How can I use parsec to parse all matched input in a string and discard the rest?
Example: I have a simple number parser, and I can find all the numbers if I know what separates them:
num :: Parser Int
num = read <$> many digit
parse (num `sepBy` space) "" "111 4 22"
But what if I don't know what is between the numbers?
"I will live to be 111 years <b>old</b> if I work out 4 days a week starting at 22."
many anyChar doesn't work as a separator, because it consumes everything.
So how can I get things that match an arbitrary parser surrounded by things I want to ignore?
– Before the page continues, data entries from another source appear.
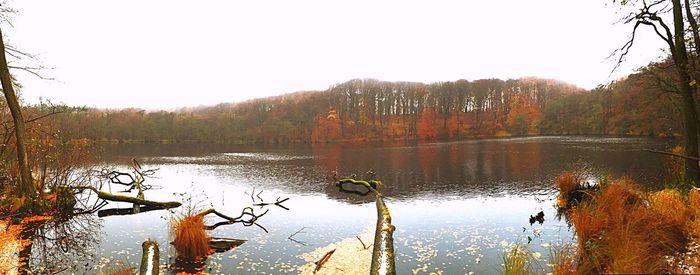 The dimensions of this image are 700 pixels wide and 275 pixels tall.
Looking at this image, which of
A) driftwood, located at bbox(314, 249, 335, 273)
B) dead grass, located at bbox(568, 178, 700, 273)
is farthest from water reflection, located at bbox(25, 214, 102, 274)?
dead grass, located at bbox(568, 178, 700, 273)

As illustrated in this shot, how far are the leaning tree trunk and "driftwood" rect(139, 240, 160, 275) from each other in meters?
8.04

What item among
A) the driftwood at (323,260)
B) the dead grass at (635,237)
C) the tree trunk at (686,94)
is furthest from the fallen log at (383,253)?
the tree trunk at (686,94)

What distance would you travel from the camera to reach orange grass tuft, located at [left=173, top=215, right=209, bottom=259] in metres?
8.80

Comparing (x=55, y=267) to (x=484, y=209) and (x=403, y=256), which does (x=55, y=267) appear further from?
(x=484, y=209)

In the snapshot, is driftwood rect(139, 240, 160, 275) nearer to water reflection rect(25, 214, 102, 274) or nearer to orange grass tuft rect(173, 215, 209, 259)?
orange grass tuft rect(173, 215, 209, 259)

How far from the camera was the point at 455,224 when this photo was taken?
11.9 m

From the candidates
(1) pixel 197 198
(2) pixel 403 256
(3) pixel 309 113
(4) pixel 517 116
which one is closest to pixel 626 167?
(2) pixel 403 256

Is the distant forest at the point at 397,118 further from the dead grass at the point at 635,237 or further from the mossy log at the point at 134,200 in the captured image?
the dead grass at the point at 635,237

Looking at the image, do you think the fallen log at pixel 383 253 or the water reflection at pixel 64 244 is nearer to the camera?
the fallen log at pixel 383 253

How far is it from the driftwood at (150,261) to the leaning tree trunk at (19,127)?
8.04m

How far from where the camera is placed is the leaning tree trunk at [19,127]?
1122cm

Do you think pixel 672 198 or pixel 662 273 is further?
pixel 672 198

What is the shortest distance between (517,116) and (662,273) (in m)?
103

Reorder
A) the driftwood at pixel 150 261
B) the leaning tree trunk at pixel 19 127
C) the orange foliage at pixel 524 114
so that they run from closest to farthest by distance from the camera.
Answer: the driftwood at pixel 150 261 → the leaning tree trunk at pixel 19 127 → the orange foliage at pixel 524 114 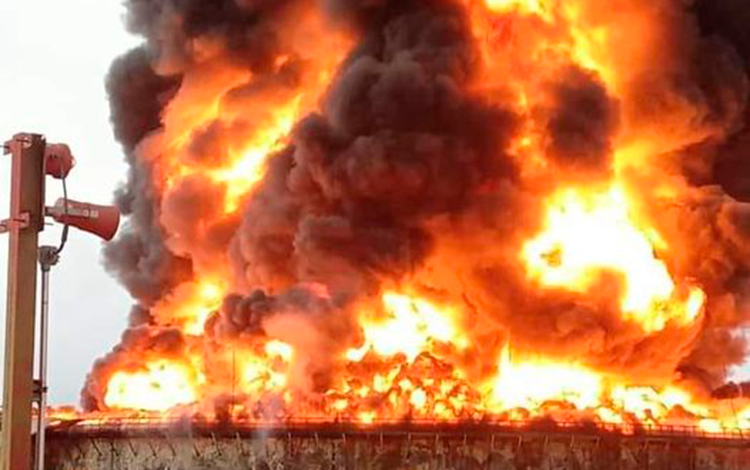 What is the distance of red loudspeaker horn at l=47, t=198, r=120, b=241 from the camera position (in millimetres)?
15039

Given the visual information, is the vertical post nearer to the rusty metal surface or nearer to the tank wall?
the rusty metal surface

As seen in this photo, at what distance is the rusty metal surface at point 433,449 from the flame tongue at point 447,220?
1.16 m

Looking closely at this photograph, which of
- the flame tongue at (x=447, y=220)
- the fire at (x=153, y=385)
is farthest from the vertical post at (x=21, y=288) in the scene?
the fire at (x=153, y=385)

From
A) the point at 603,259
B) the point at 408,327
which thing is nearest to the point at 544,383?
the point at 603,259

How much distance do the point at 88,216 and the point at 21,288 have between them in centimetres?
130

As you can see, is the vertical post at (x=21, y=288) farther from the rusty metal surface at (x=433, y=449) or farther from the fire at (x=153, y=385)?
the fire at (x=153, y=385)

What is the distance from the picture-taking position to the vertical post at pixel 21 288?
14523mm

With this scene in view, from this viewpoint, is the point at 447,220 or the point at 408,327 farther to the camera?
the point at 447,220

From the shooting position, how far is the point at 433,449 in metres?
60.5

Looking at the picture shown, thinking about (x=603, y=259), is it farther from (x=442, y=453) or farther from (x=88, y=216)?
(x=88, y=216)

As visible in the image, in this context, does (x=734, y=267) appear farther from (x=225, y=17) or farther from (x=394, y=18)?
(x=225, y=17)

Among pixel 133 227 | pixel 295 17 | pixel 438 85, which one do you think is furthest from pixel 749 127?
pixel 133 227

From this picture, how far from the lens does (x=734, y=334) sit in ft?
243

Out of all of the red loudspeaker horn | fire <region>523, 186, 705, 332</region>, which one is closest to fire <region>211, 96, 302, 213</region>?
fire <region>523, 186, 705, 332</region> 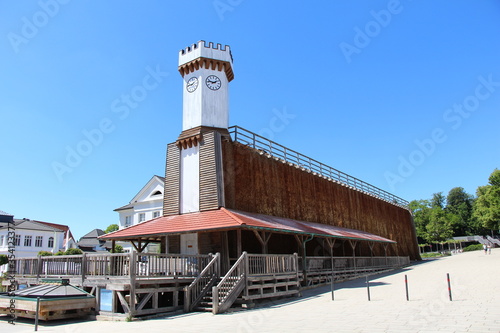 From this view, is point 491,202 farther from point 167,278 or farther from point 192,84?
point 167,278

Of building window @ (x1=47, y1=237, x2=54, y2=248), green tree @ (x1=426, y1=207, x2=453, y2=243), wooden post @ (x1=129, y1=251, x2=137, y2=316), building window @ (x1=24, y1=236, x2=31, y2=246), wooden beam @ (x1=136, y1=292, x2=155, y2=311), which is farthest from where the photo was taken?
green tree @ (x1=426, y1=207, x2=453, y2=243)

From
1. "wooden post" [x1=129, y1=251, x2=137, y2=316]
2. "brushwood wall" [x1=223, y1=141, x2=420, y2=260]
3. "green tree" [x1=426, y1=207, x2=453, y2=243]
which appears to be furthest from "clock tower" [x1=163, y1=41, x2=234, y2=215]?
"green tree" [x1=426, y1=207, x2=453, y2=243]

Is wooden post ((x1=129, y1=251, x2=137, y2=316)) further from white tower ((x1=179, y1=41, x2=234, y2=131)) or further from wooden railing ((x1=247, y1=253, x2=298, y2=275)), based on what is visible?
white tower ((x1=179, y1=41, x2=234, y2=131))

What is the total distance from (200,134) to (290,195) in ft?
25.7

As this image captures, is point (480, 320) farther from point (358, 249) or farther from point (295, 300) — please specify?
point (358, 249)

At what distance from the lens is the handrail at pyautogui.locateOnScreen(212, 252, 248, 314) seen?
40.2 ft

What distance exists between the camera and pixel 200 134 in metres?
19.6

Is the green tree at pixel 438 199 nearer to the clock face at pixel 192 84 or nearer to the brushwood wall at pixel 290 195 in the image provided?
the brushwood wall at pixel 290 195

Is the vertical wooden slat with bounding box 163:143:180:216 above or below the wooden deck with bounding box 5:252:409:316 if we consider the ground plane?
above

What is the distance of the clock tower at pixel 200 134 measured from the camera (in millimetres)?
18625

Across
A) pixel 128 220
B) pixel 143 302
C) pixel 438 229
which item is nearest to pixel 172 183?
pixel 143 302

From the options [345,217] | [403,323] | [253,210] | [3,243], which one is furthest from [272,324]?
[3,243]

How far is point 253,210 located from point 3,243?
46.4 m

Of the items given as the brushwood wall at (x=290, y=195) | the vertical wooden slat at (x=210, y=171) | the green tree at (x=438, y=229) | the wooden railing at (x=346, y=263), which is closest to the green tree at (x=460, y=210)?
the green tree at (x=438, y=229) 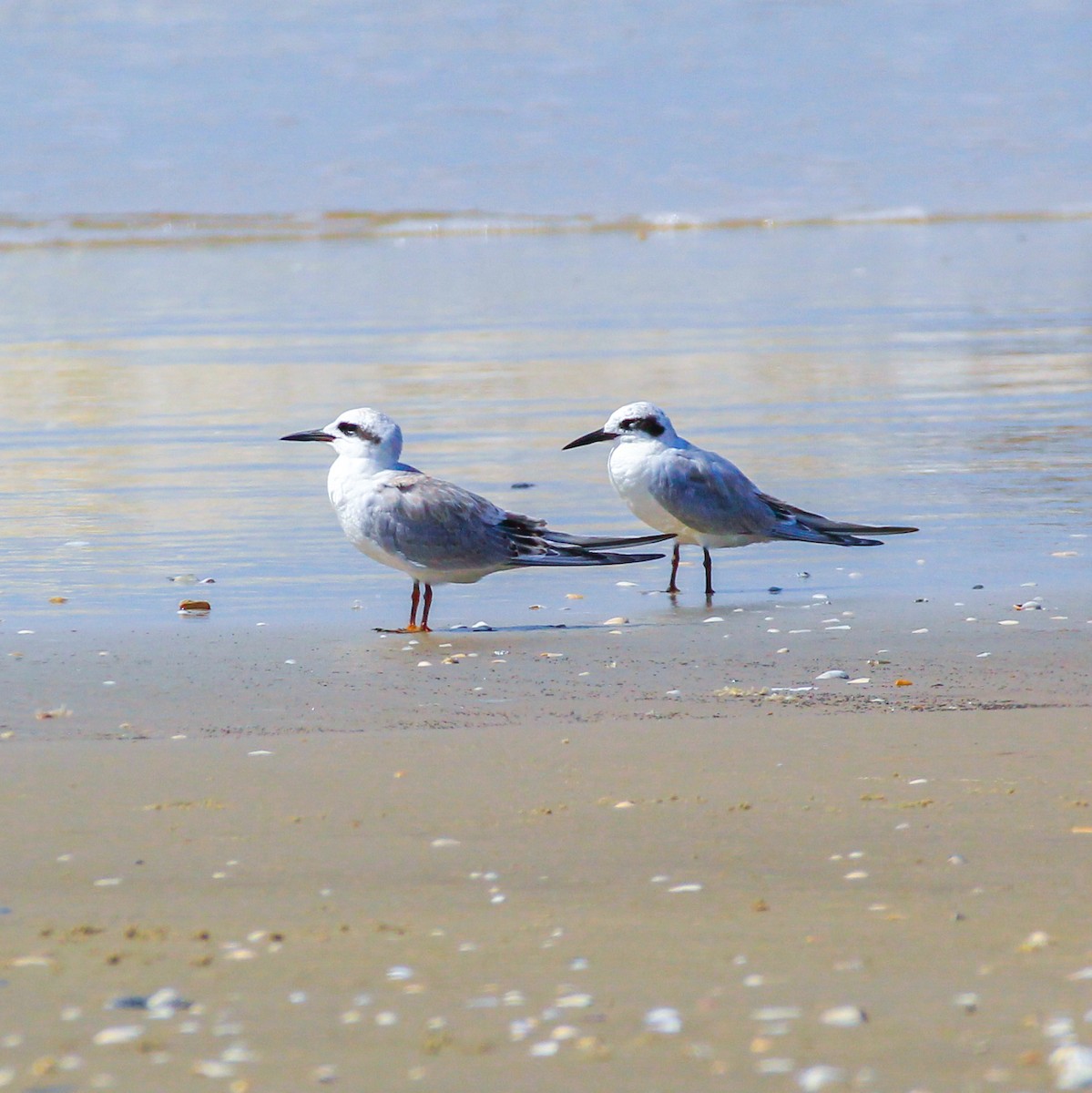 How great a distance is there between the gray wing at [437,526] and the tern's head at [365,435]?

EDIT: Note that in the real problem, my parser is more complicated:
optionTag :: Parser Fragment
optionTag = do
    string "<option"
    manyTill anyChar (string "value=")
    n <- many1 digit
    manyTill anyChar (char '>')
    chapterPrefix
    text <- many1 (noneOf "<>")
    return $ Option (read n) text
  where
    chapterPrefix = many digit >> char '.' >> many space
The replace-megaparsec package allows you to split up a string into sections which match your pattern and sections which don't match by using the sepCap parser combinator.
import Replace.Megaparsec
import Text.Megaparsec
import Text.Megaparsec.Char
let num :: Parsec Void String Int
    num = read <$> many digitChar
>>> parseTest (sepCap num) "I will live to be 111 years <b>old</b> if I work out 4 days a week starting at 22."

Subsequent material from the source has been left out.